Reproduce all of the entries below exactly, without images.

(RECORDED INFORMATION)

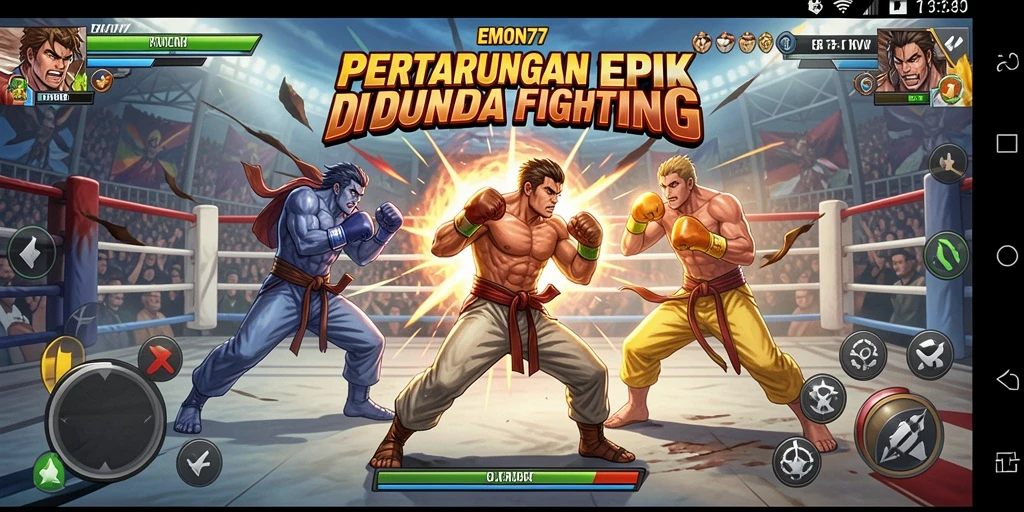 Screenshot EMON77 menampilkan pertarungan seru dan karakter yang menarik.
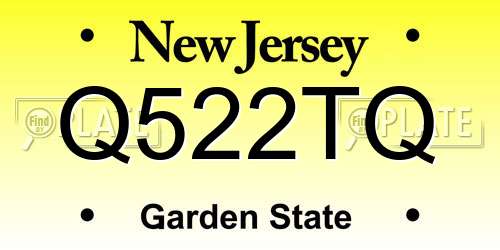 Q522TQ New Jersey License Plate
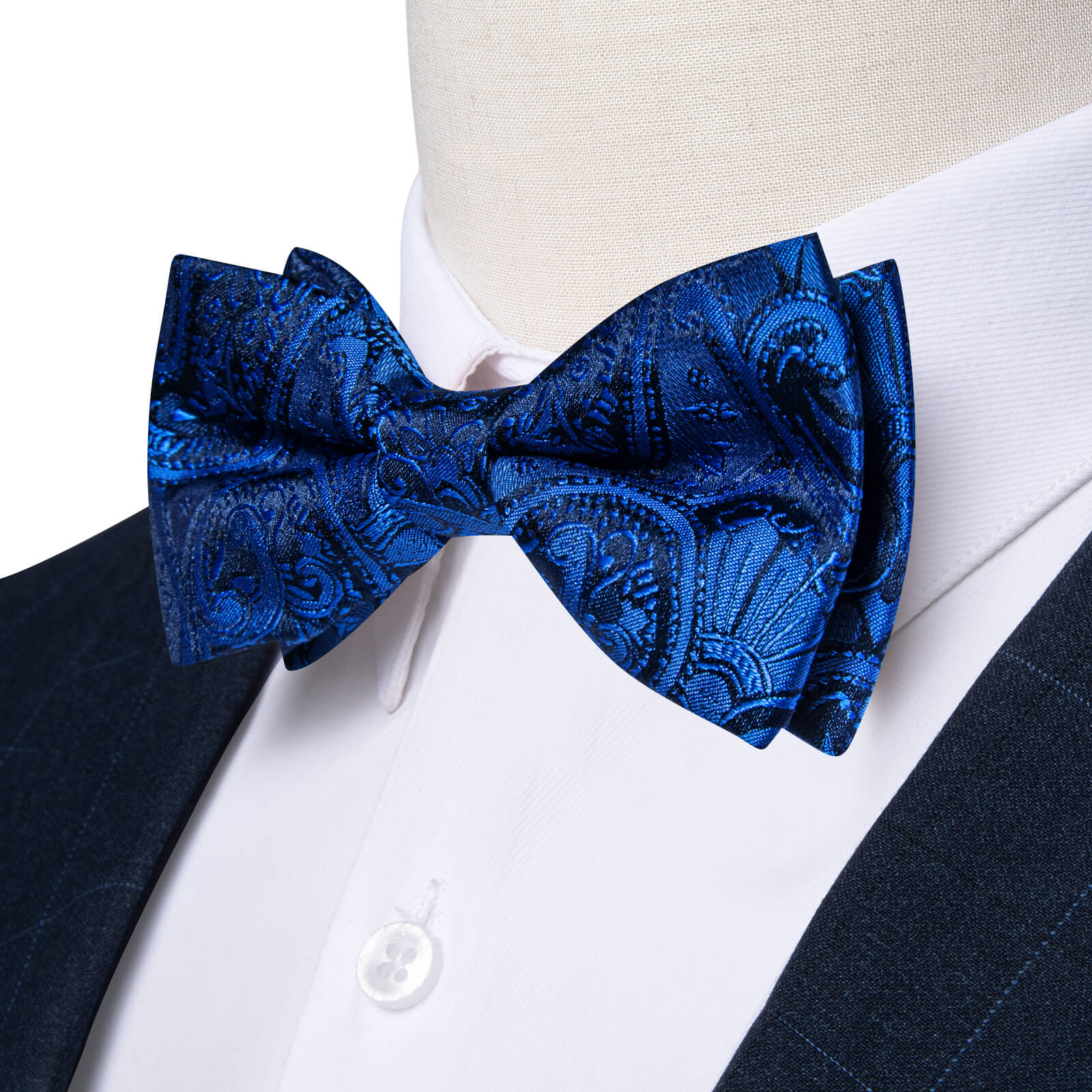 Sapphire Blue Paisley Silk Pre-Bow Tie Hanky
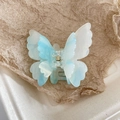 Blue and white gradient butterfly hair claw clip with pearlescent finish and sparkles - Blue Cloud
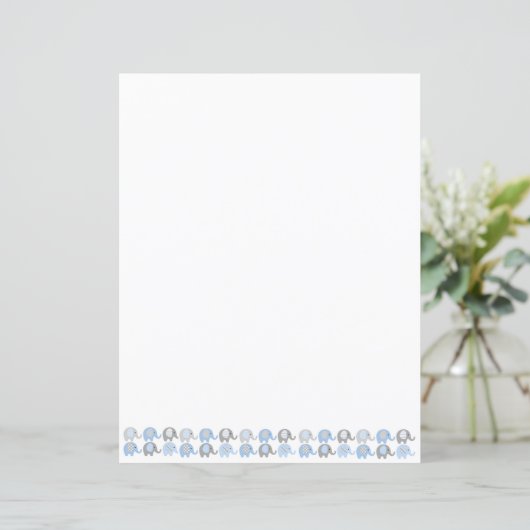 Papierblätter - Blaue und graue Elefanten (Stehend Vorderseite)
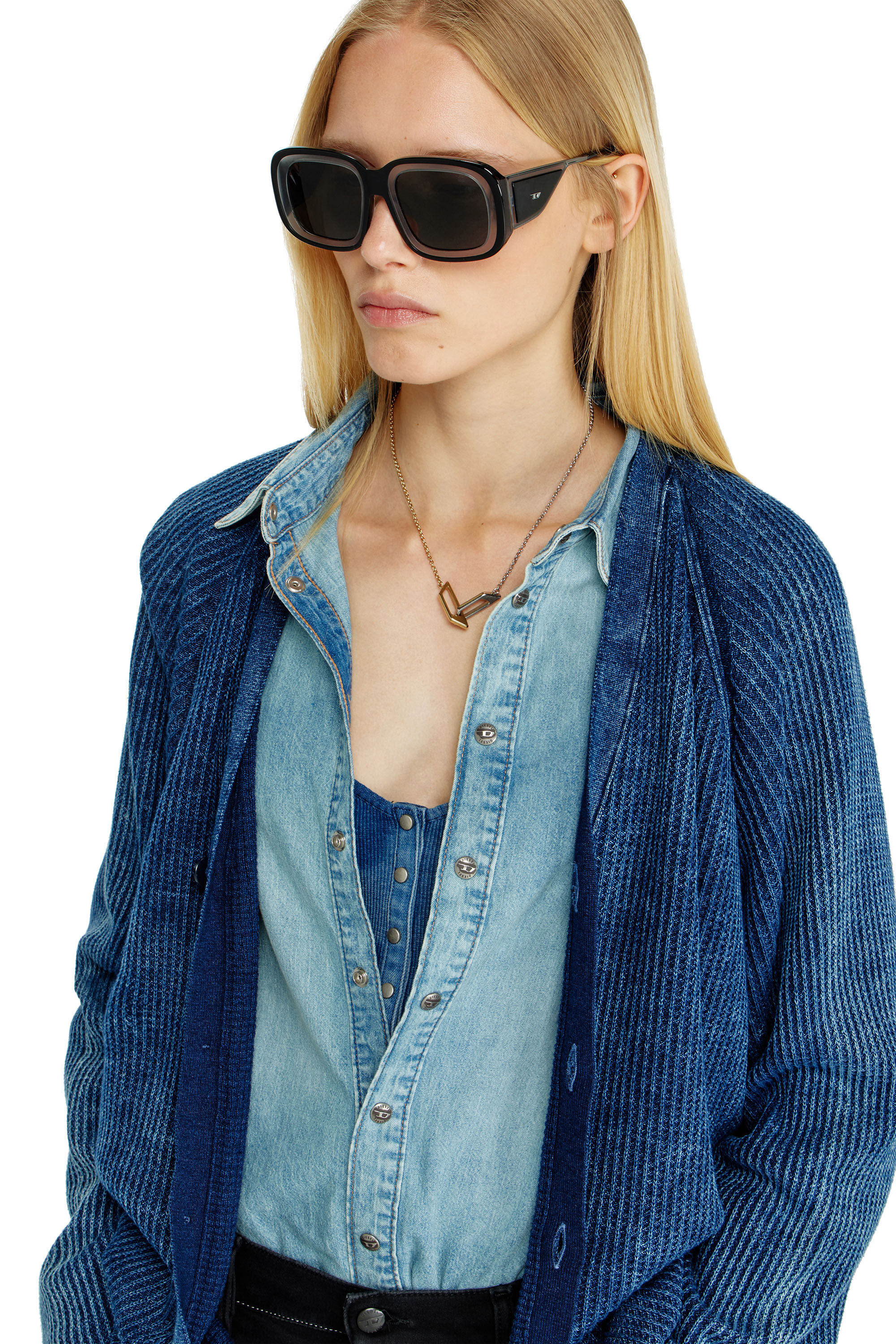 Diesel - 0DL2015U, Occhiali da sole quadrati Unisex in Nero - 4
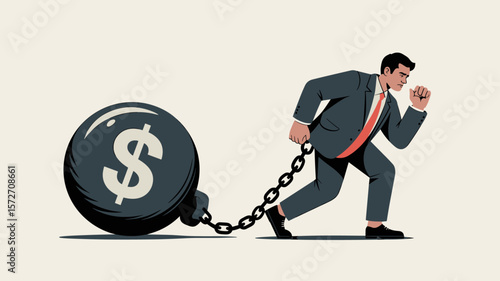 businessman struggling with a large ball and chain of debt, vector illustration for financial burden, national debt and economic crisis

(End RECORDED INFORMATION)

**SOLUTION BELOW**
 Screenshot EMON77 menampilkan pertarungan seru dan karakter yang menarik.
 Q522TQ New Jersey License Plate
 Sapphire Blue Paisley Silk Pre-Bow Tie Hanky
 Blue and white gradient butterfly hair claw clip with pearlescent finish and sparkles - Blue Cloud
 Papierblätter - Blaue und graue Elefanten (Stehend Vorderseite)
 Diesel - 0DL2015U, Occhiali da sole quadrati Unisex in Nero - 4
 businessman struggling with a large ball and chain of debt, vector illustration for financial burden, national debt and economic crisis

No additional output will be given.